** Opening Records for the exercise block **

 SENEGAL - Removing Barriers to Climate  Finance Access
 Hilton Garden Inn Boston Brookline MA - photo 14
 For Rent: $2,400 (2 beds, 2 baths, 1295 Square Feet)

** Closing Records for the exercise block **
** Opening Records for the exercise block **

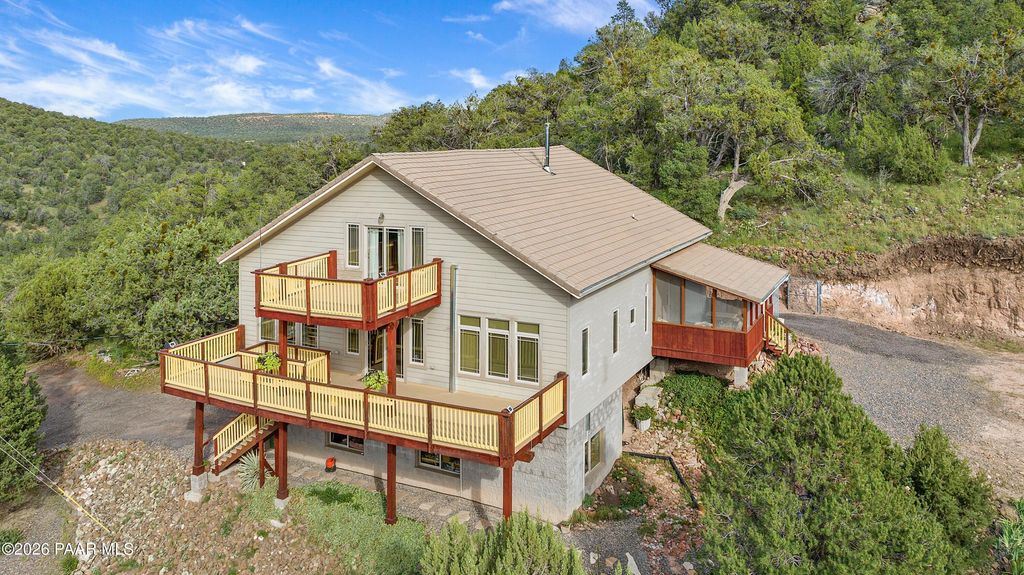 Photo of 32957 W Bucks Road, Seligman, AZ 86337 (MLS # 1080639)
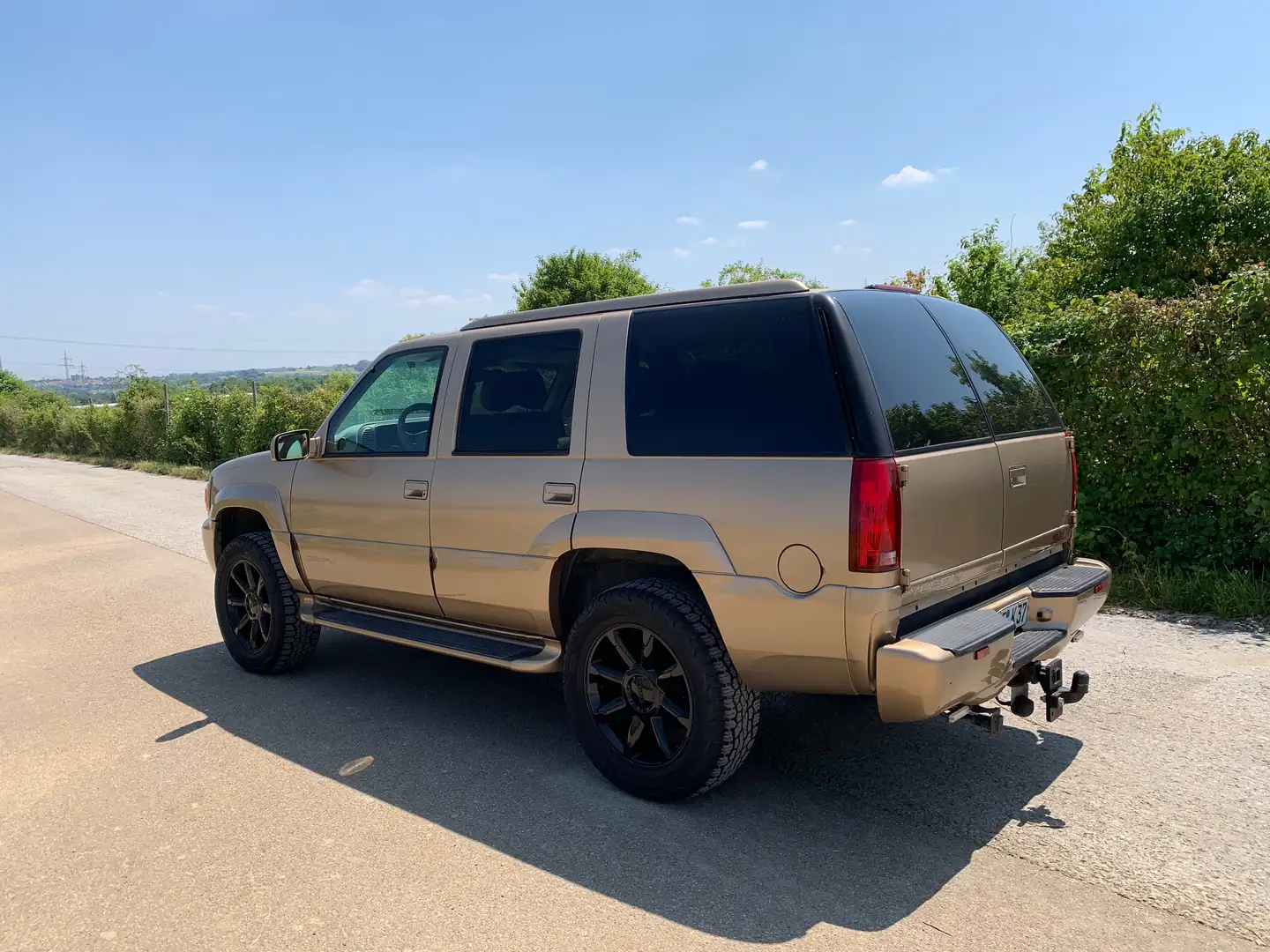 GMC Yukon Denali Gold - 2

** Closing Records for the exercise block **

**Directions:**
Please, from the material above, copy only the lines from the line with "SENEGAL - Removing" up to and including the line with "For Rent: $2,400", exactly as written.

**Task output:**
 SENEGAL - Removing Barriers to Climate  Finance Access
 Hilton Garden Inn Boston Brookline MA - photo 14
 For Rent: $2,400 (2 beds, 2 baths, 1295 Square Feet)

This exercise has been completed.